Which leads me to this article about parking. We all know that since everything was designed around cars than of course there would be parking lots everywhere which won’t be needed once we get rid of most of the cars.
There are about 500 million parking spaces in America for our 326 million citizens. Parking infrastructure occupies over 3.5 million square miles, an area larger than Delaware and Rhode Island combined. And yet, despite our sea of parking garages and lots, visions of a car-less future are gaining momentum. This may be inconceivable for adults who have spent a sizable chunk of their lives behind the wheel, searching for that perfect spot. But if car ownership does indeed drop, parking structures would be cast into the same graveyard as fax machines and video cassettes–or would they?
As an architect who has studied and participated in 15 years’ worth of urban development projects at Arcturis, my hunch is that our cultural shift to ride sharing, autonomous vehicles, and alternative transportation will result in a permanent paradigm shift in urban planning.

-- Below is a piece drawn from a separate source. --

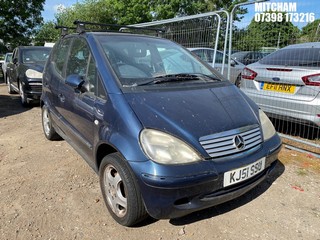 Location: Mitcham - 2001 MERCEDES A160 AVANTGARDE 5 Door Hatchback REG: KJ51SSU, Keys: No, MOT Expiry date: 20/09/2026, 1598 Petrol, 5 Speed Manual Petrol, Former Keepers: 3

That last part brings me to the crux of my thinking when it comes to wearing my VC hat. It will take time and some countries will move faster than others but the core of a city that we know today will dramatically change. My personal view is people will go to malls less and continue to up their spend online. Which means people will only go to seek brands or entertainment options which means overall retail space will reduce.
Couple this with people using scooters, bikes, autonomous buses and maybe, just maybe, walking more will mean that the city center will be able to get rid of some of the road space. All of this will effect how people shop, move and spend money which means this entire remaking of the city center will provide huge opportunities as well as create new havoc around employment.
Singapore is setting a pretty good example for what the new Jurong might look like – https://www.jld.sg/Draft-Master-Plan/A-New-Paradigm-For-Mobility
As a VC we constantly try to peer a bit into the future and decide on what themes might be if interest for us to invest in today.
For me the coming change in cities will be a big one.